RBA deputy warns of 'central banker's nightmare' as energy shock lifts stagflation risk
Australia faces a testing period as a global energy shock raises the risk of stagflation, Reserve Bank of Australia deputy governor Andrew Hauser has warned, calling the combination of high inflation and weak growth a "central banker's nightmare".
Speaking at a Money Marketeers of New York University event in New York, Hauser said the war in the Middle East was likely to deliver a "big income shock" to Australia and push inflation higher. He added there was not much the central bank could do to stop prices rising in the short term.
The "big question", he said, is how the current energy shock and the coming wave of inflation will affect economic activity in Australia and how those forces will feed into inflation over the next two to three years.
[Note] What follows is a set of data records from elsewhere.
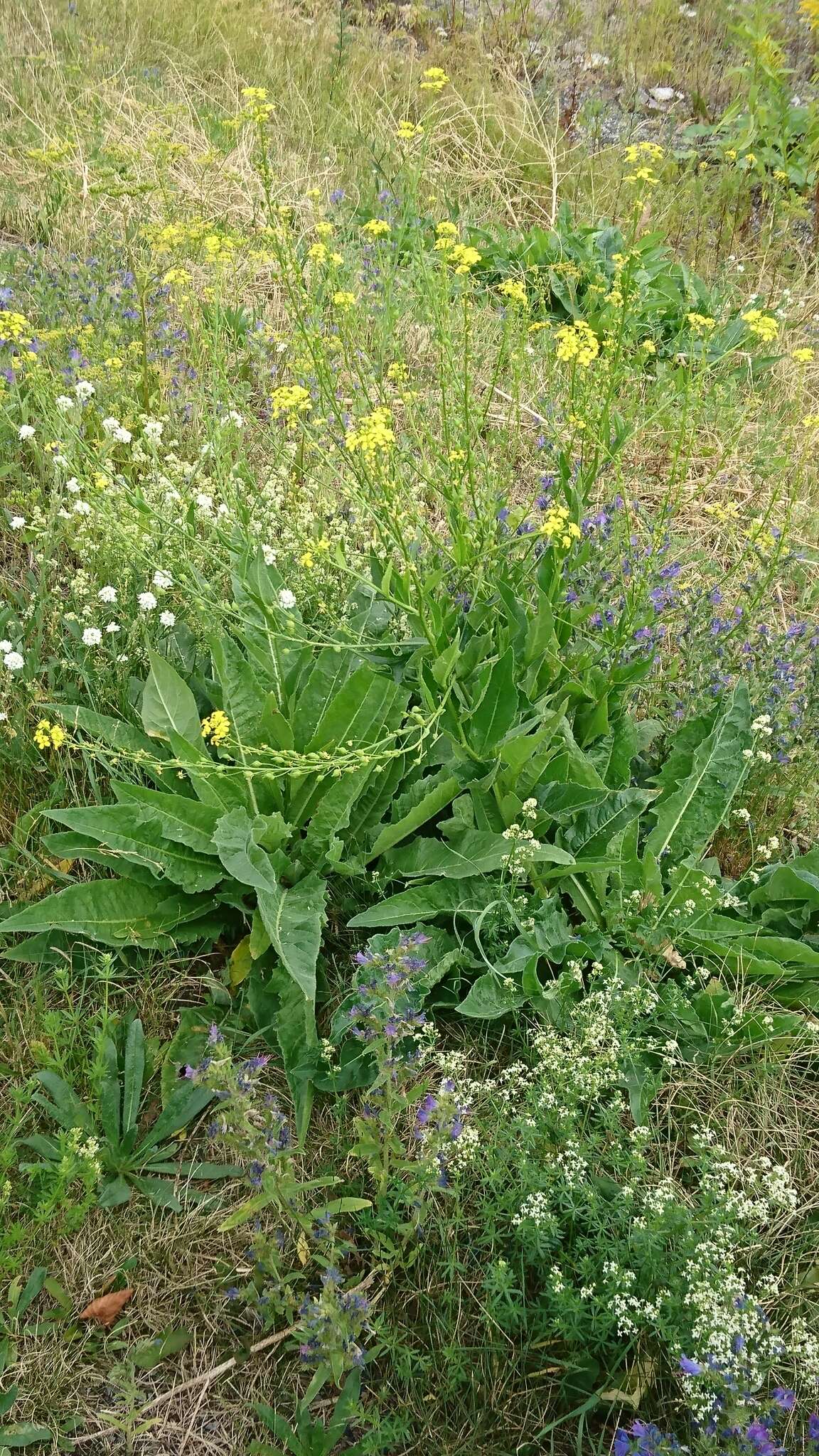 Image de bunias dorient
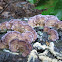 Violet-toothed Polypore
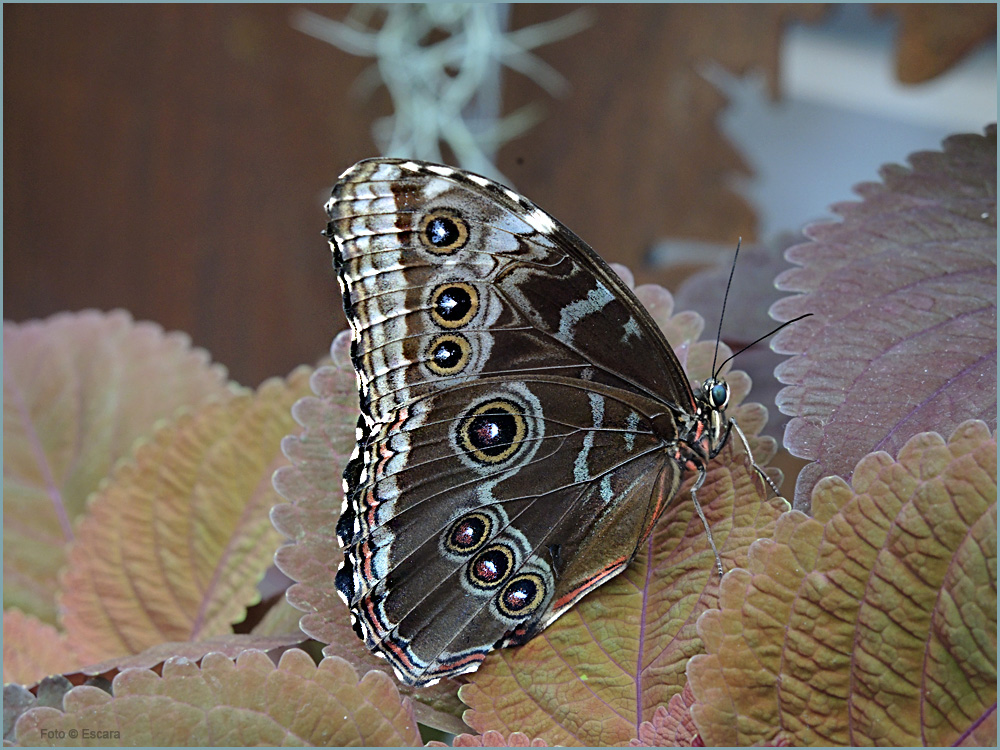 Blauer Morphofalter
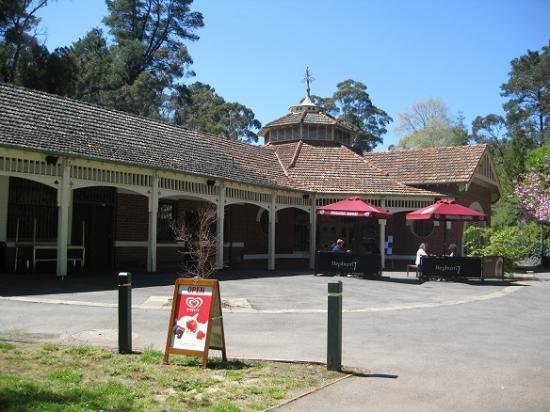 Hepburn Pavilion Cafe - Tourism TAS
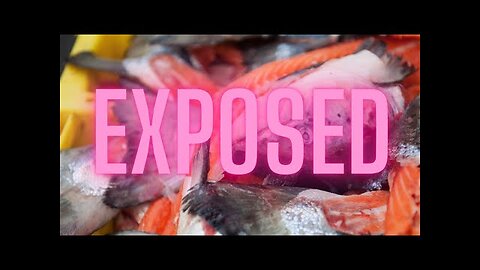 Farmed Norwegian Salmon World’s Most Toxic Food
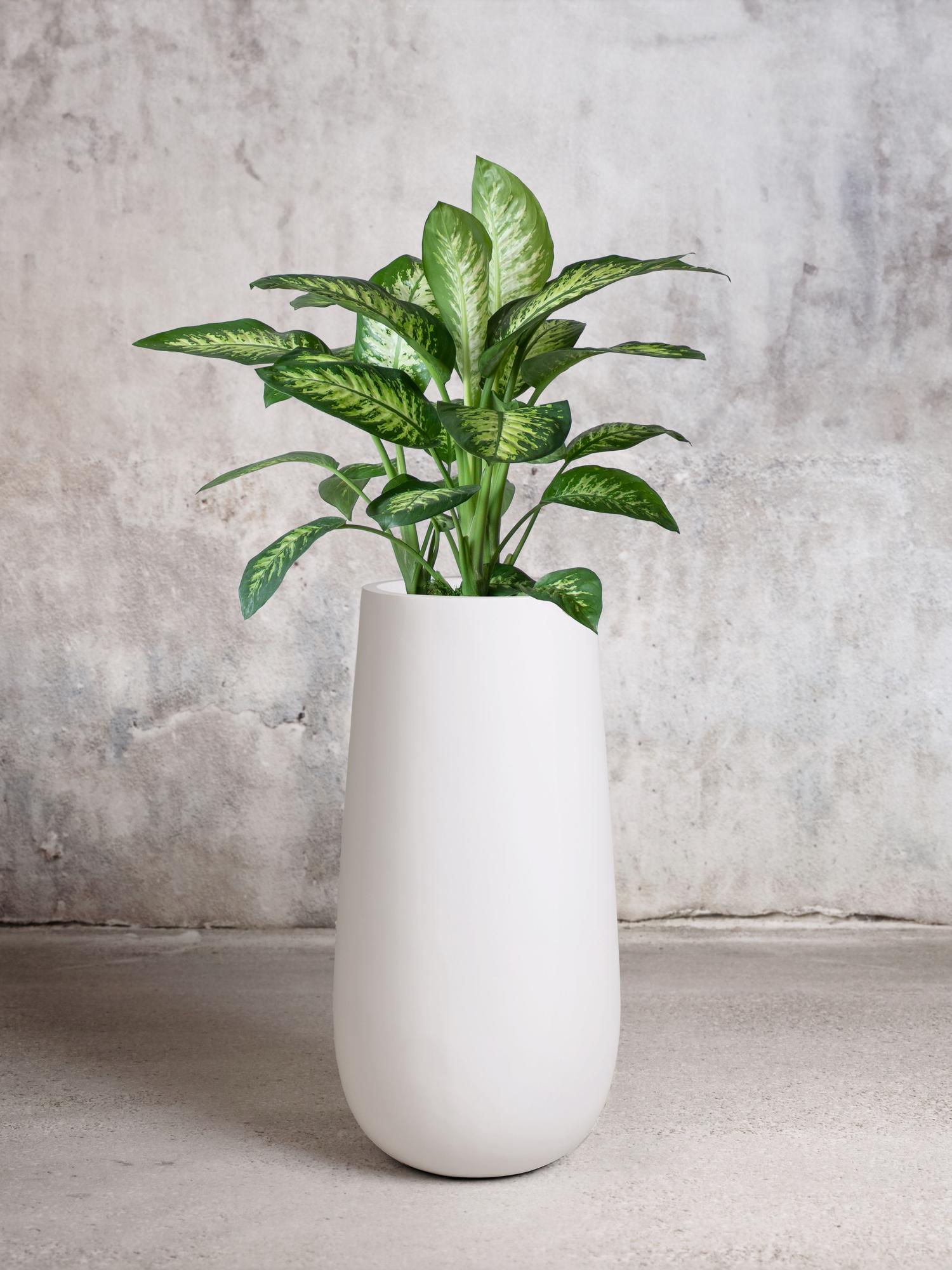 Dieffenbachia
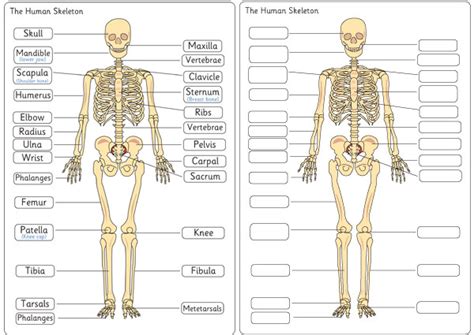 Human Skeleton Diagram Labelling Sheets Free Early Years And Primary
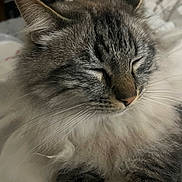 Swaggy a rejoint le concours — aidez-le/la à gagner de superbes lots ! cat, fluffy, sleeping, closeup, whiskers, fur, pet, domestic_animal, cute, relaxed, animal, mammal, indoor, cozy, portrait, feline, soft, resting, peaceful, close_up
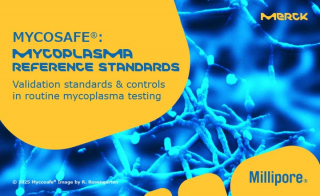Important Mycoplasma Updates European Pharmacopoeia Mycoplasma Chapter Update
Stagflation occurs when economic activity stagnates while prices keep climbing, a damaging mix that can be accompanied by rising unemployment and recession.
"The stagflationary shock: inflation up, activity down. Judging the balance between those two is, I guess, how we earn our money," Hauser said. He noted consumer confidence in Australia has already declined significantly, a shift that could weigh on activity this year.
Headline inflation is 3.7 per cent, above the RBA's goal of keeping inflation averaging between 2 and 3 per cent. Hauser said inflation was already too high before the war broke out, and that the RBA did not have "high confidence" that interest rates are at the right level yet.
Hauser said the central bank is monitoring developments closely as economists in Australia warn about the possibility of stagflation amid the global energy shock. The coming months, he cautioned, will be challenging as policymakers navigate the trade-offs between taming inflation and supporting growth.